In 1950, there were also 5,992 savings and loan institutions. Today there are 703, so the total of insured depositories fell from 19,438 in 1950 to 5,477 today, or by 72 percent. The previous multitude of banks was the result of unique American politics in which agrarian interests protected small, local institutions.  The reduced numbers have moved closer to what a market outcome would ordain. We can expect the consolidation to continue.

As to risk, in the entire decade of the 1950s, there were a mere 28 commercial bank failures—only 0.2 percent of the average number of banks. But banking got a lot riskier as time went on, particularly in the financially disastrous 1980s. In that decade, 1,127 commercial banks failed—40 times the failure rate of the 1950s. Maybe the bankers hadn’t gotten smarter, although they certainly employed more MBAs. State and Federal regulators didn’t appear any smarter either.

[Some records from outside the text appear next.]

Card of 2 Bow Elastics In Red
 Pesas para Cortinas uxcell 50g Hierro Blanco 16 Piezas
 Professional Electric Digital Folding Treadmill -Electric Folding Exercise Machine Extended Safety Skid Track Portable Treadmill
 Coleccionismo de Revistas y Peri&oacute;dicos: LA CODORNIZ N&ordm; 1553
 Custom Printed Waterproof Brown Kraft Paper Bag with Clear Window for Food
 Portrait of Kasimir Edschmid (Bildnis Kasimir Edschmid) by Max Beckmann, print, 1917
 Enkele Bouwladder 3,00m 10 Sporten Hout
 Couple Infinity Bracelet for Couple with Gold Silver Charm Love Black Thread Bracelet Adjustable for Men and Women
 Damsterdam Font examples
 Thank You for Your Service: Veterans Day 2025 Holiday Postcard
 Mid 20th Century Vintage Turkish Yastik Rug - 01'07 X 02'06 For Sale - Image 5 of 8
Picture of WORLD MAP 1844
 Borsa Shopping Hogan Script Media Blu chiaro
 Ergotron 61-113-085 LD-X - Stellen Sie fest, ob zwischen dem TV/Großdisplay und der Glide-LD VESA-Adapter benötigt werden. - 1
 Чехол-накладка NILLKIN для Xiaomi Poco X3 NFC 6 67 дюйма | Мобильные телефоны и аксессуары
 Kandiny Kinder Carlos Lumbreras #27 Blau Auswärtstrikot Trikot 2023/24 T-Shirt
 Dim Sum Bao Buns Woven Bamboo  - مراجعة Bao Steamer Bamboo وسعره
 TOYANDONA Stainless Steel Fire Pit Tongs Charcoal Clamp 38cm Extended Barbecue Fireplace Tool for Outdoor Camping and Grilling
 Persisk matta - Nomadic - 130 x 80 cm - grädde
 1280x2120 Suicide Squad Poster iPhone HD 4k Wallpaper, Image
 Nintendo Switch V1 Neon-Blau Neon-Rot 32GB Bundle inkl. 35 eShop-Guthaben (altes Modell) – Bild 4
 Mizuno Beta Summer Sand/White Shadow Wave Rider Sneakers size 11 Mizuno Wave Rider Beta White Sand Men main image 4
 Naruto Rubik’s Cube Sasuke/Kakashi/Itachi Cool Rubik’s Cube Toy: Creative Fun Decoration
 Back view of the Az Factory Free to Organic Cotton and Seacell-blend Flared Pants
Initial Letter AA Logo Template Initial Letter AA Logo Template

In addition to the bank failures, 909 savings and loans failed in the 1980s, bringing the total depository failures for the decade to 2,036—about four per week over ten years. Tough times! When the savings and loan industry collapsed, its government deposit insurer, the Federal Savings and Loan Insurance Corporation, also went broke, triggering a $150 billion taxpayer bailout.

The 1990s were not as bad as the 1980s, but 442 commercial banks (16 times as many as in the 1950s) and 483 savings and loans failed, for a total of 925.

The Federal Reserve optimistically announced that the 21st century heralded a new, stable era—“The Great Moderation.” Soon after that, however, came financial crisis and panic, showing once again that bankers and regulators have not gotten smarter, despite the addition of many PhDs in mathematics and science to the ranks of the MBAs in the finance industry. Ben Bernanke, then Chairman of the Federal Reserve, judged in 2006 that “banking organizations of all sizes have made substantial strides over the past two decades in their ability to measure and manage risks.” That was just before the 2007-09 financial crisis. Apparently they hadn’t made such big strides after all.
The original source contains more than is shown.